Reading the Social: Lenz, Moritz, Karsch
What does the “social” in the social history of literature mean today? This lecture will explore this question through readings and genre-historical reflections on the letter, the epistolary novel, on “prose,” and on the “psychological novel.”
[Was kann das ‘Soziale’ der Sozialgeschichte der Literatur heute sein? Der Vortrag diskutiert diese Frage anhand von Lektüren und gattungshistorischen Überlegungen zum Brief, Briefroman, zur ‘Prosa’ und zum ‘psychologischen Roman’]
Is there a ‘new social’ in the literary and media history of 18th century? And if this is the case, what would the ‘old social’ have been? I will discuss these questions by drawing on current research on collaborative writing and epistolary network cultures.
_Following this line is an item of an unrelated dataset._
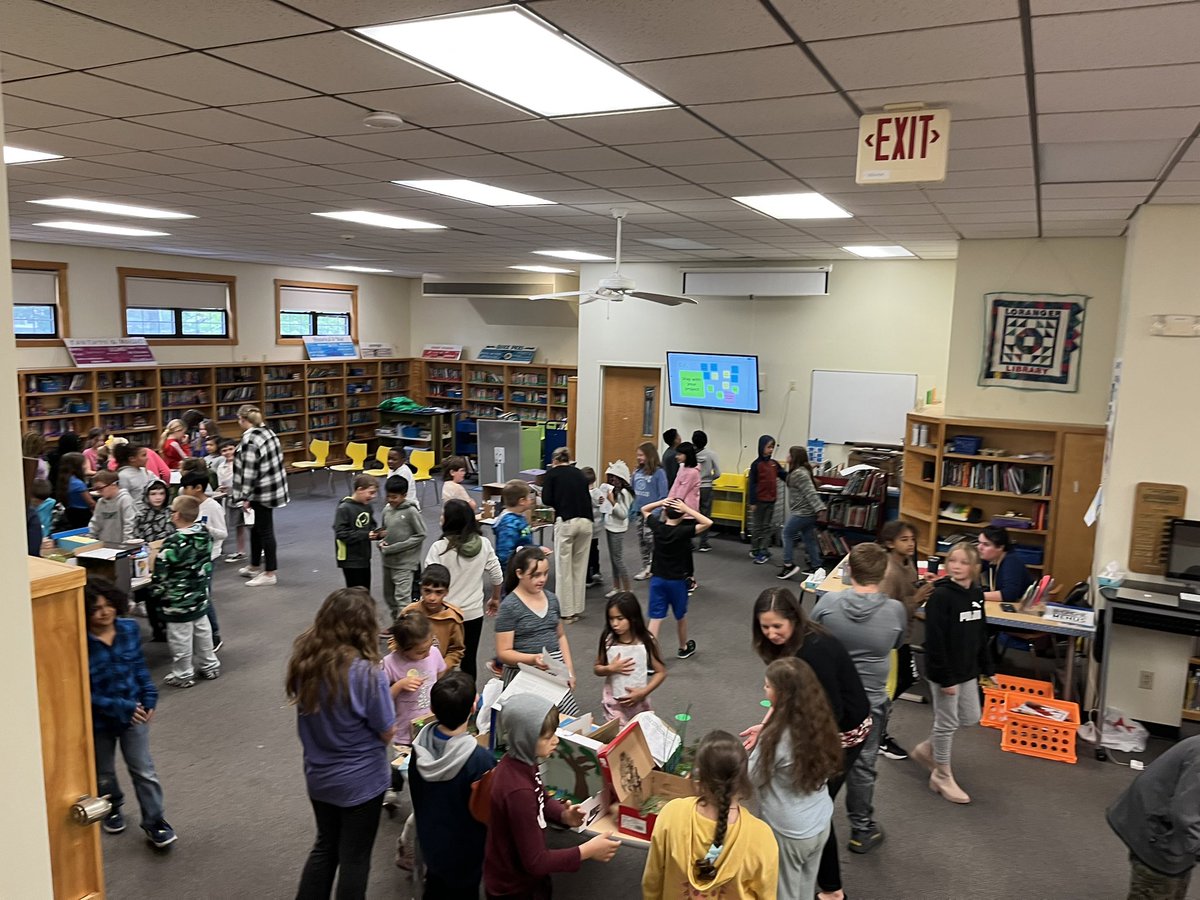 LorangerOOB's tweet photo. Our third graders are sharing their frog habitat projects with grade four students, and in a little bit our families will be in to see. Great work third graders! https://t.co/mVm0URS0Wk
By juxtaposing Karl Philipp Moritz’ highly canonized novel “Anton Reiser” with Anna Louisa Karsch’s letters as well as marginalized works subsumed as ‘prose’ by Jacob Michael Reinhold Lenz, this talk considers the significance of patronage in the history of modern authorship, and comes to the conclusion that the ‘new social’ is much more hierarchical and media-driven than the apologists of the ‘old social’ would imagine.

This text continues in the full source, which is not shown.